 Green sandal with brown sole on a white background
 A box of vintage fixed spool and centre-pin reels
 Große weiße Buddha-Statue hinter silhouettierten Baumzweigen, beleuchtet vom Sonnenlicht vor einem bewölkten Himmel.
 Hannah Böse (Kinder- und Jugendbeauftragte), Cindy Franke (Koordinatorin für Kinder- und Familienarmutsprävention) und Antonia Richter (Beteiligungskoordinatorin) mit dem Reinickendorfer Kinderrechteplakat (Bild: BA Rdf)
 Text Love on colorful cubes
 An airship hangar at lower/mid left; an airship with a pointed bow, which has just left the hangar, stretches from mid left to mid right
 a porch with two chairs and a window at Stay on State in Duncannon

* * *

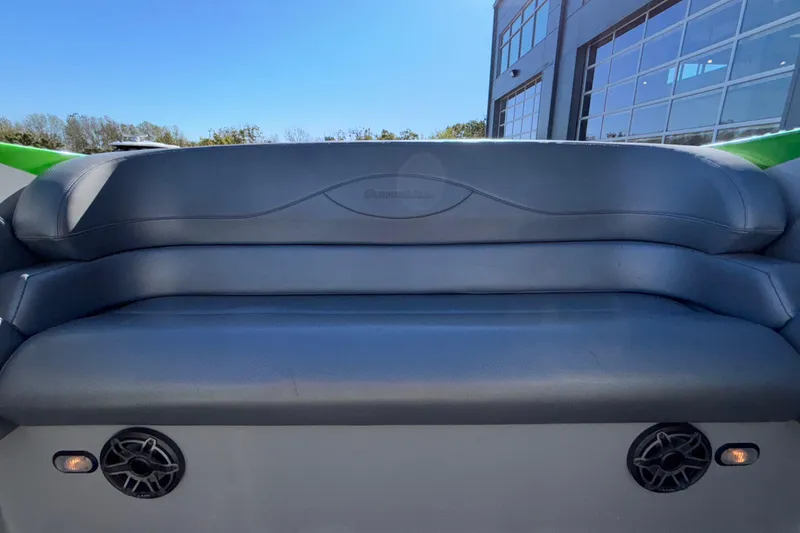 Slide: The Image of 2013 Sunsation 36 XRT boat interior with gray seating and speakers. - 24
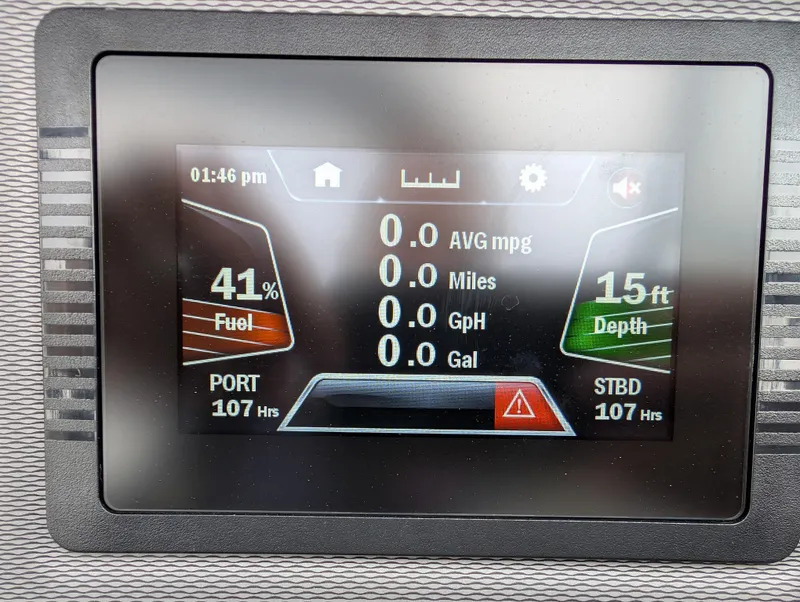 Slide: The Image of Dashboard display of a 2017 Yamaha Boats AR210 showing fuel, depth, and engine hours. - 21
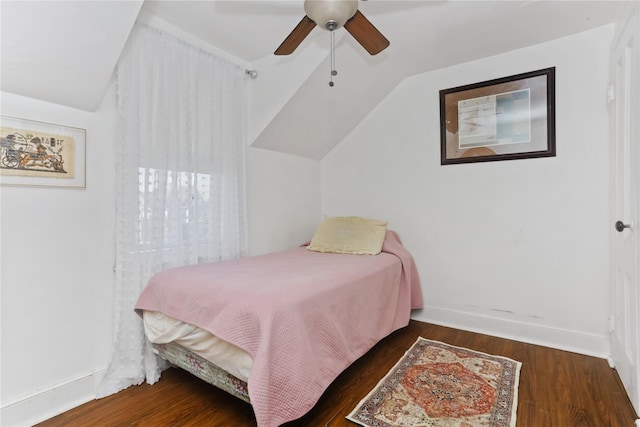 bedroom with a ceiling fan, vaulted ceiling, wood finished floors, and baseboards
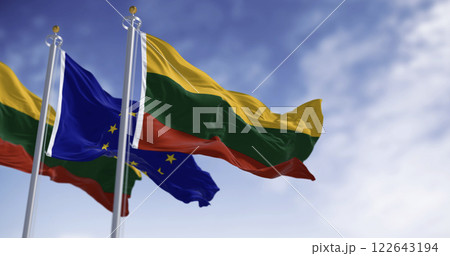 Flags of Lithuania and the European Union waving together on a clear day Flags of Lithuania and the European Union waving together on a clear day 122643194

...

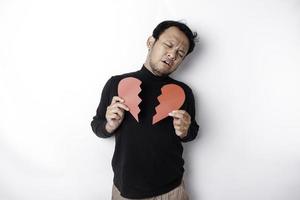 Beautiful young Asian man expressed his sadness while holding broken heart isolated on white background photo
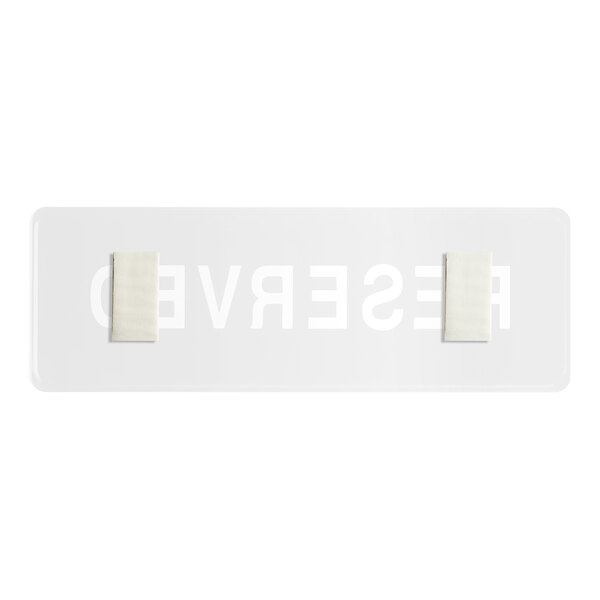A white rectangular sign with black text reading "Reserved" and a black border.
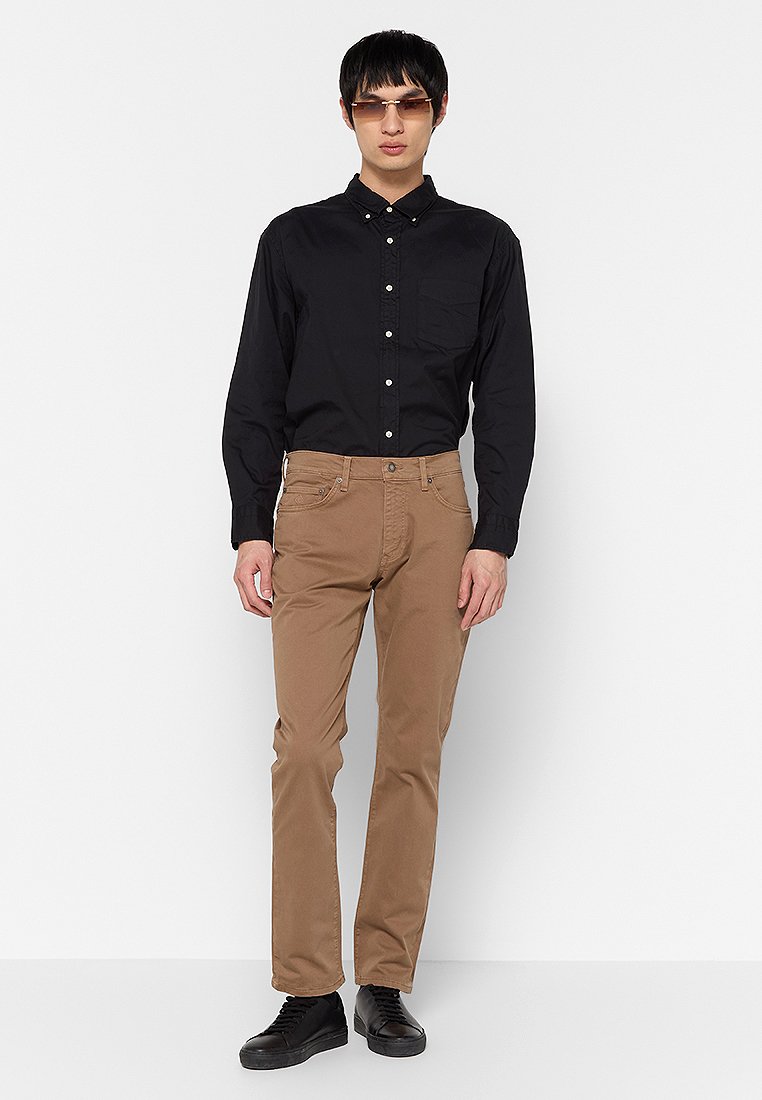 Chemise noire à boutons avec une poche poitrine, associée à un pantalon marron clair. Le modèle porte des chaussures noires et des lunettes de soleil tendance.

ASSIGNED TASK
Using the entries shown above, reproduce verbatim the lines from the line bearing "Green sandal with" to the line bearing "a porch with", inclusive.

REPLY TO THE TASK
 Green sandal with brown sole on a white background
 A box of vintage fixed spool and centre-pin reels
 Große weiße Buddha-Statue hinter silhouettierten Baumzweigen, beleuchtet vom Sonnenlicht vor einem bewölkten Himmel.
 Hannah Böse (Kinder- und Jugendbeauftragte), Cindy Franke (Koordinatorin für Kinder- und Familienarmutsprävention) und Antonia Richter (Beteiligungskoordinatorin) mit dem Reinickendorfer Kinderrechteplakat (Bild: BA Rdf)
 Text Love on colorful cubes
 An airship hangar at lower/mid left; an airship with a pointed bow, which has just left the hangar, stretches from mid left to mid right
 a porch with two chairs and a window at Stay on State in Duncannon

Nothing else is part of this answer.